Defending Lack of Reasonable Opportunity of Access in Copyright Infringement Claims – Inference is Insufficient
The decision and damages awarded to Marcus Gray, Emanuel Lambert, and Chike Ojukwu in the Katy Perry “Dark Horse” copyright infringement case last week have the attention of the music industry. We provided some commentary here on the potential impact of the decision on what has been the historical development of the musical art form, and provide here a deeper dig.

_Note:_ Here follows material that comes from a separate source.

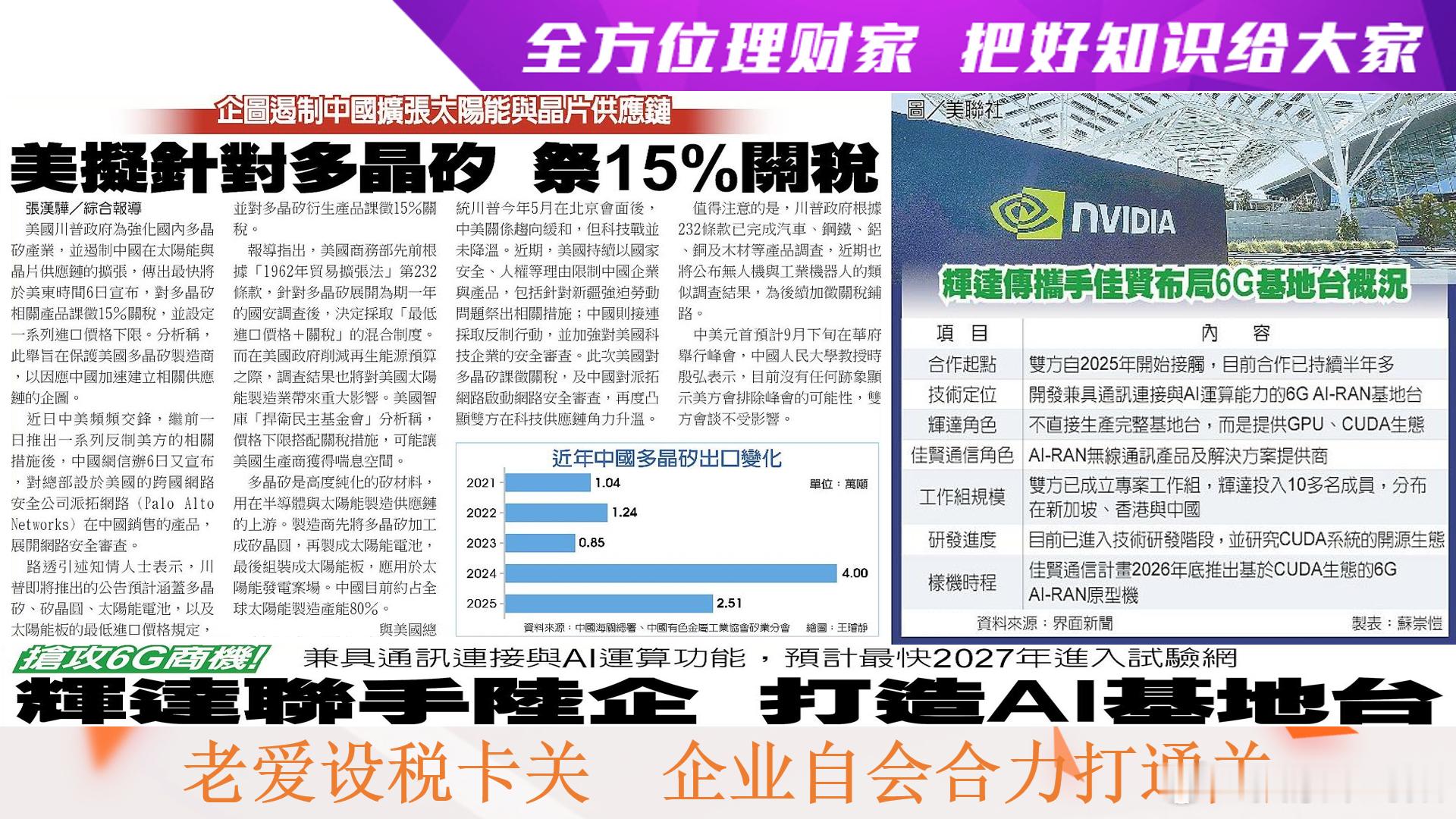 Repost全方位理财家，把好知识给大家～〈每日一分钟，能知天下事〉（引用图文之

Pivotal in this case is the repetition of a string of eight staccato notes or “ostinato” that share some similarity to a riff in the song “Joyful Noise” by Marcus Gray et al. Musicologists have also identified the use of a highly similar ostinato in several other well-known works – Bach’s “Adagio in F Minor,” “Jolly Old Saint Nicholas,” “Go Down, Moses,” and Akira Ifukube’s “Theme to Godzilla” (1954 movie), for starters.
What did Marcus Gray need to show in order to succeed on the copyright infringement claim? That Katy Perry and her music writing team had a reasonable opportunity to access and hear the “Joyful Noise” song before writing “Dark Horse,” and the “Joyful Noise” and “Dark Horse” songs are “substantially similar.”

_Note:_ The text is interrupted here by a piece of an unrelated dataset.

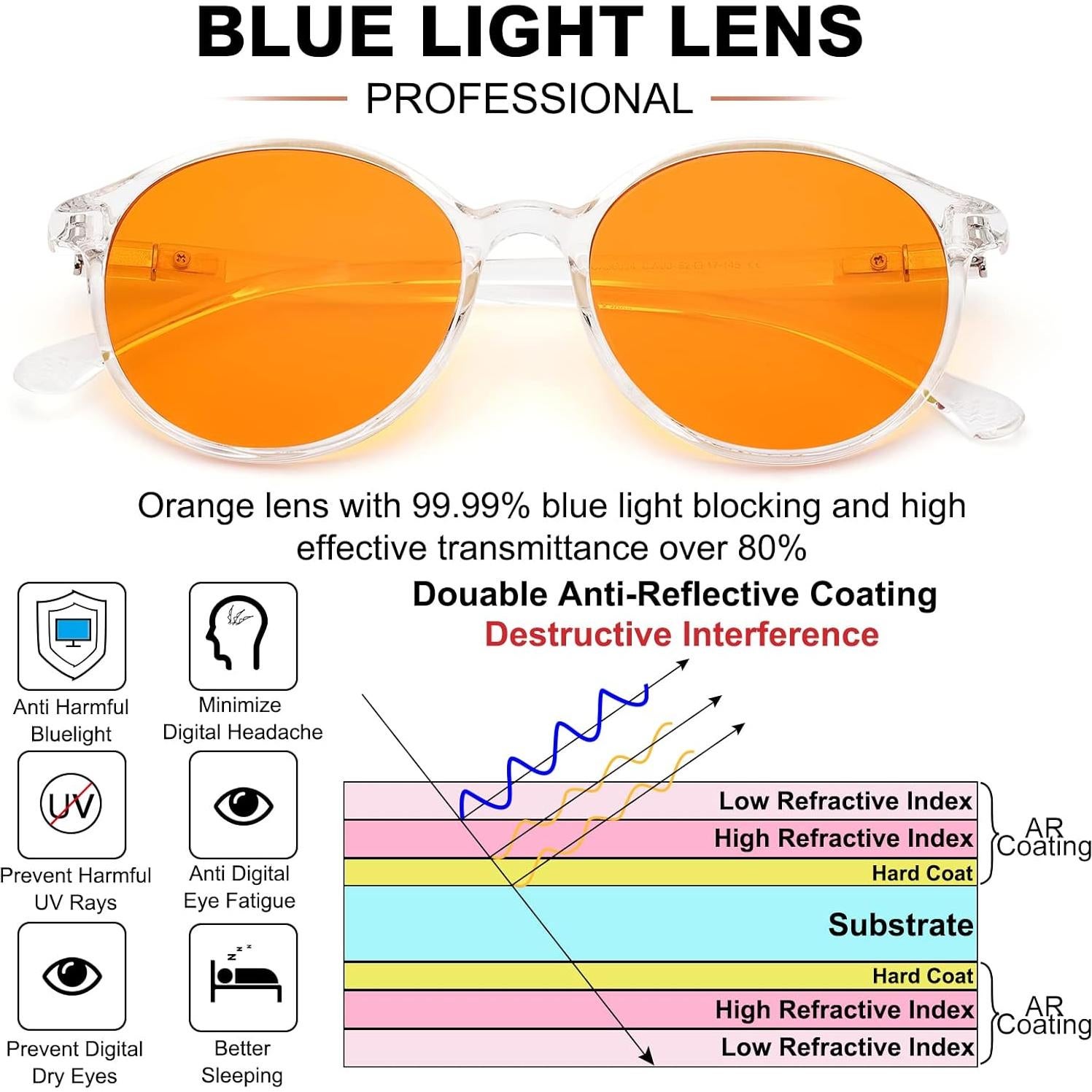 Gafas LIKSMU Bloqueo Luz Azul Naranja 99.99% 52mm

Perry and her songwriting team testified that none of them had ever heard the song “Joyful Noise” prior to writing the “Dark Horse” song, and that they had not heard of the plaintiffs either. In this case, in the eyes of the jury, working against Katy Perry and her songwriting team are that “Joyful Noise” had 4 million views on YouTube and 2 million views on Facebook. In 2008, the song was nominated for a “Best Rap/Hip Hop Recorded Song of the Year” GMA Dove Award. And Perry is the child of two Pentecostal pastors and herself pursued a career in gospel music as a teenager. Why were these factors enough in the eyes of the jury? It seems that the factors in this case call into question the viability of any inference of access. Given the ubiquitous nature of music in social media, music streaming apps and websites, music award nominations and shows, and satellite radio, is seems rather easy to establish a reasonable probability of access. If a person can find or be exposed to almost any music by searching and/or subscribing to various sources of music, even the obscure and rare, how do we define widespread availability or reasonably accessible? Would it not be more just for a plaintiff to prove access in an objective manner – rather than through circumstantial inference?
In terms of the similarity of the songs, both sides of the case called musicologists to dissect and compare any commonalities. The plaintiffs’ musicologist was clearly most persuasive with the jury, but was the jury sophisticated enough to appreciate all of the differences between the songs? The songs share a repetitious and common ostinato. But what else do they share? By all appearances – nothing. “Joyful Noise” is a Christian rap song released in 2008 and its lyrics focus on Jesus Christ and the Christian faith. Perry’s “Dark Horse” is a pop music song released in 2013 and its lyrics focus on what appears to be an unstable and passionate relationship between two individuals, with a somewhat threatening undertone.
The jury held that Perry and her songwriting team did not independently create “Dark Horse.” Rather, it was inspired by or taken from the song “Joyful Noise.” But what if “Dark Horse” was actually inspired by Bach’s “Adagio in F Minor” or the old gospel song “Go Down, Moses?” How do you isolate the influence of centuries of music down to one riff of eighth notes featured in a song, call it copyright infringement, and award damages of $2.78M? The plaintiff does not seem to have adequately proven up its case.
Perry’s counsel has made public statements pointing to a likely appeal of the decision. We will continue to follow the case and provide updates as they develop.